Sunquake Detection: A Machine Learning Approach

In this talk, I will discuss the process behind a two-year research project that aimed to automate the detection of sunquakes. As the manual detection of sunquakes poses significant challenges, the goal of this research was to streamline and potentially improve the detection process. The project was conducted under a collaboration between members of the Technical University of Cluj-Napoca, Romania, the Astronomical Institute of the Romanian Academy, and the High Altitude Observatory in Boulder, Colorado, US.

Sunquakes are seismic emissions visible on the solar surface, associated with some solar flares. Although discovered in 1998, they have only recently become a more commonly detected phenomenon. To our knowledge, the astrophysical data produced for sunquakes was previously unexplored territory for machine learning, despite the availability of several manual detection guidelines.

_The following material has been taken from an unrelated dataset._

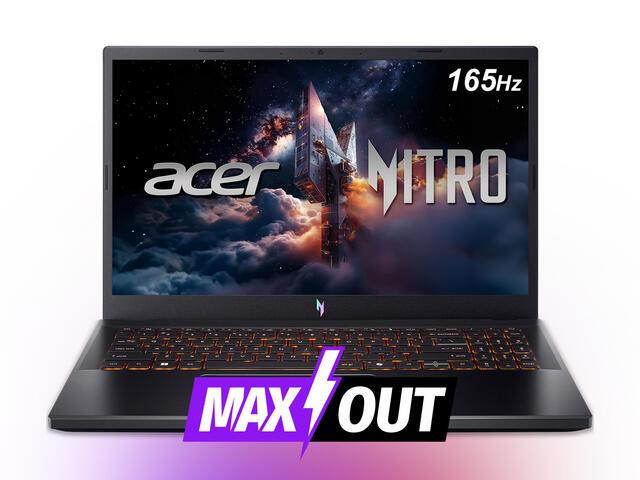 Acer Nitro V 15 (ANV15-52) - MAXOUT
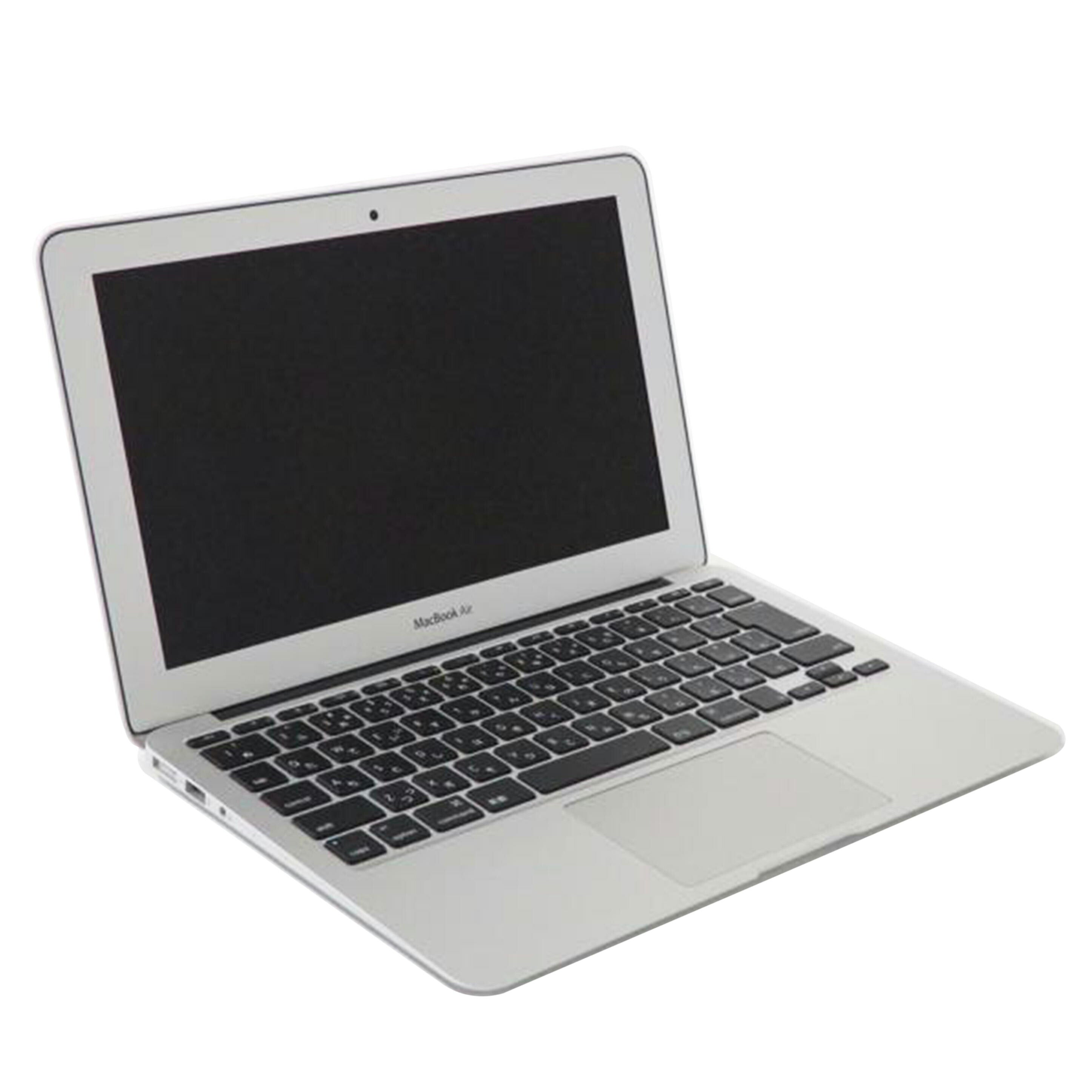 Ａｐｐｌｅ アップル/ＭａｃＢｏｏｋ　Ａｉｒ（１１インチ，Ｅａｒｌｙ　２０１４）/MD711J/A//C02N4APAG083/Bランク/82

The talk will begin with a brief presentation of a dataset constructed from acoustic egression-power maps of solar active regions obtained for Solar Cycles 23 and 24 using the holography method. The presentation will cover various applications of machine-learning representation methods to this dataset for sunquake detection, including contrastive learning, object detection, and recurrent techniques. The importance of domain-specific data augmentation transformations will be emphasized. The talk will also highlight the main challenges of the automated sunquake detection task, namely the very high noise patterns in and outside the active region shadow and the extreme class imbalance. Finally, the talk will discuss new insights resulting from applying the presented approach to previously unprocessed events, such as the ability to detect very weak solar acoustic manifestations.